I am currently monitoring 15 platforms, 1 Linux which is the HQ Server, 12 Windows 2003, and 2 Windows 2000 Server agents. I have when availability changes alerts configured for the Windows platforms.
This has been working well for about two months, but over the last week or so, it has been behaving strangely. It will fire an alert that every platform has changed availability to 0. Then, a minute or two later, it will fire an alert for every platform that availability has changed to 1. When I look in the Dashboard, all platforms show 100% availability as the low, average, and max for the time in question.
Upon on the initial occurrence, I thought it might have been a momentary network blip, but I have one of the Windows agents doing InetAddress Ping on all switches and routers. I did notice 2 things this morning in the HQ Health plugin:
1) There was a clock drift between the agent and server. I do not know if this has always existed or not, but I set the HQ server's OS to NTP from one of the agents that is a domain controller.

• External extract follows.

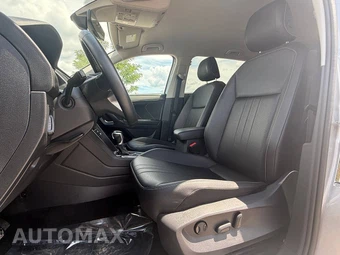2023 Volkswagen Tiguan SE - miniatura 10
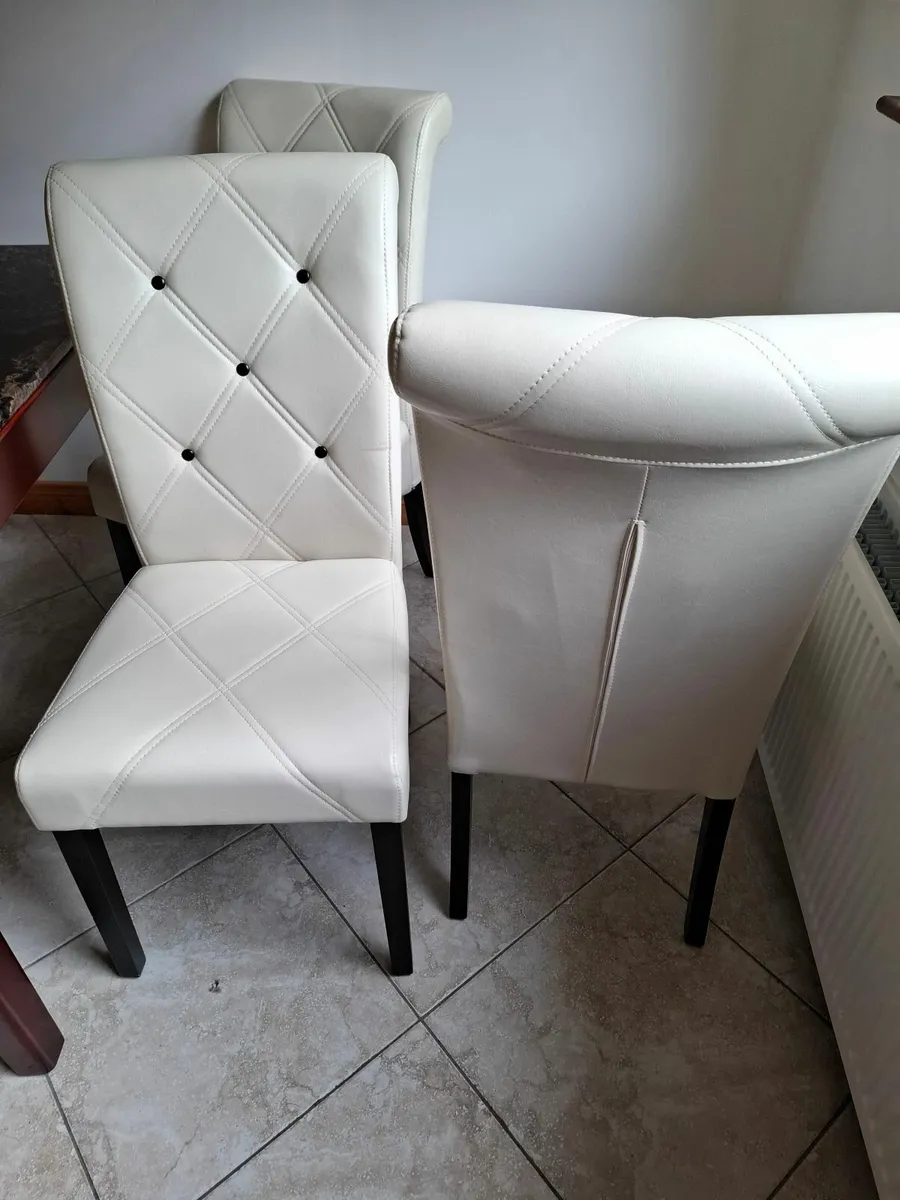 Kitchen Table and Chairs - Image 1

This has reduced the offset significantly.
2) Several of the items on the Cache tab, including AvailabilitySummary are listed in red. The details for the AvailabilitySummary are Size:236, Hits:39437, and Misses:298.
Does anyone have any ideas why this might be occurring? Getting paged multiple times last night at around 11:30pm, 1:15am, 2:45am, 4:15am, and 5:45am was not exactly a fun experience. Thanks.